Faiths United to Prevent Gun Violence is a diverse coalition of 26 national denominations and organizations to confront America's gun violence epidemic. The coalition's goal is to rally support for policies that reduce death and injury from gunfire. The new coalition announced its formation soon after the tragic shootings in Tucson on Jan. 8, and condemned the continuing violence where 32 persons are murdered by guns every day in the United States.
"As members of the faith community, we are keenly aware of the consequences of gun violence in our communities and within our families," wrote Jim Winkler, chief executive of the United Methodist General Board of Church & Society and chair of Faiths United to Prevent Gun Violence. "All too often the weapons used to commit these deadly acts of violence are obtained through illegal means. Therefore, it is imperative that law enforcement has the ability to detect and interdict illegal gun trafficking patterns."
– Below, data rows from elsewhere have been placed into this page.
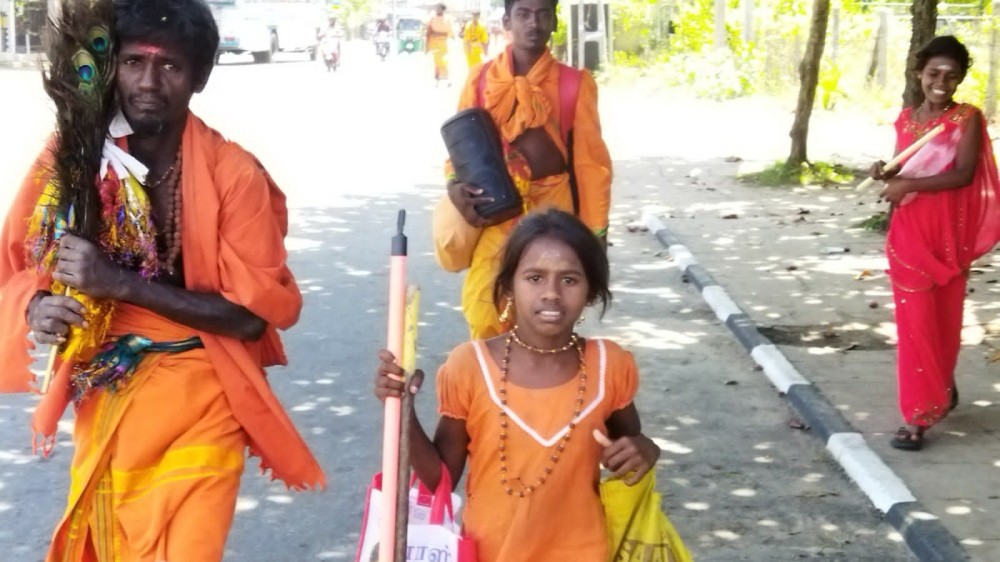 கதிர்காம பக்தர்கள் பாத யாத்திரை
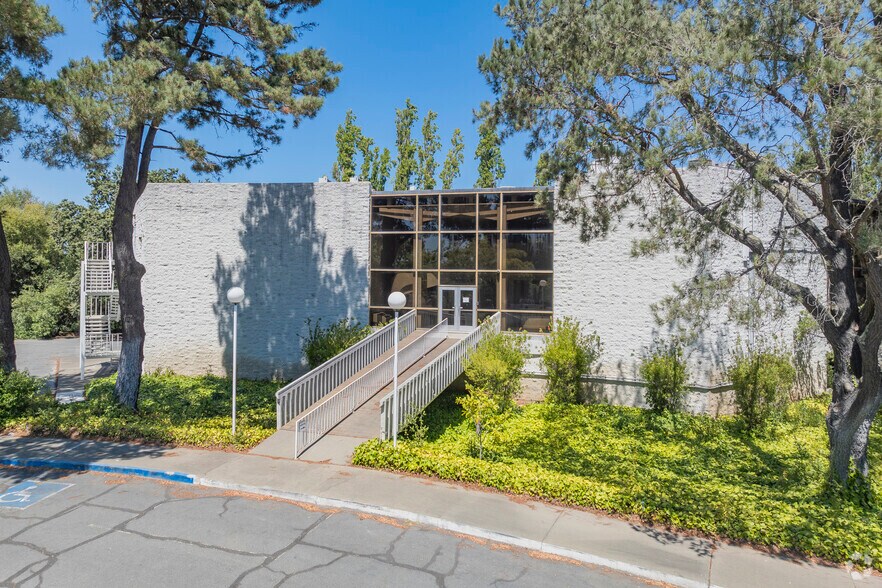 More Photos Of 2301 Napa Vallejo Hwy, Napa Land For Lease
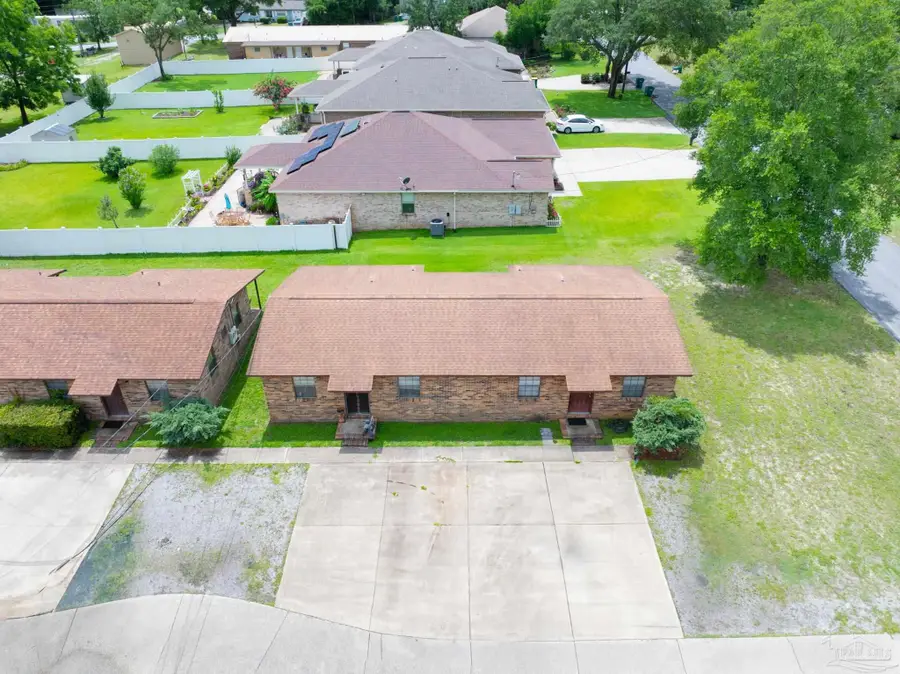 816 Lark St, Fo Lark Ave #5,6,7,8, Fort Walton Beach, FL 32547 - #3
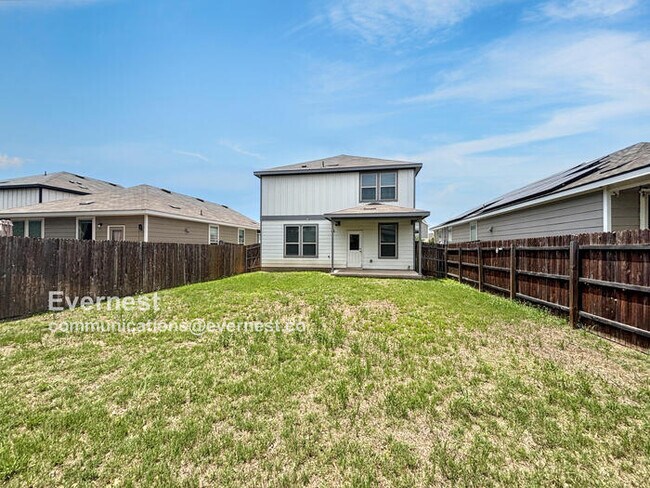 Building Photo - Charming and Spacious 3-Bedroom Home with ...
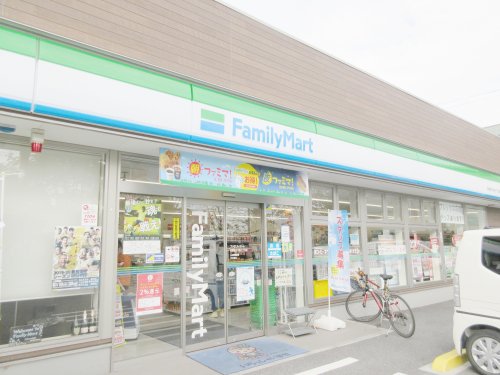 コンビニ　ファミリーマート 宇都宮元今泉七丁目店（コンビニ）まで128m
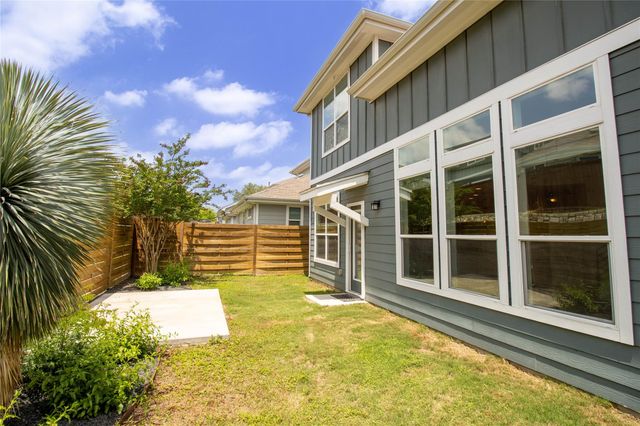 7111 Mowbray ST, Austin, TX 78741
According to the letter, which was copied to Speaker of the House John Boehner and Minority Leader Nancy Pelosi, the Boren provision would make it impossible to implement a rule proposed by ATF in December to help federal law enforcement investigate and curb gun trafficking along the southwest border. ATF's rule requires licensed gun dealers in southwest border states to report bulk sales of certain semi-automatic rifles.
Boren's amendment would gut ATF's authority to track bulk sales of semi-automatic rifles. Denying ATF advance warning of these suspicious sales will make it harder to detect and disrupt illegal gun trafficking, according to Faiths United to Prevent Gun Violence.
"As members of the faith community, who spend too much of our time burying mothers, fathers, and children killed by guns, we are deeply concerned about the dangers that illegal gun trafficking poses to the safety of our communities and our families," the letter states.
Faiths United to Prevent Gun Violence emphasizes in its letter that Congress should support ATF's carefully drawn proposal to expedite investigations, rather than using an appropriations rider to shut it down.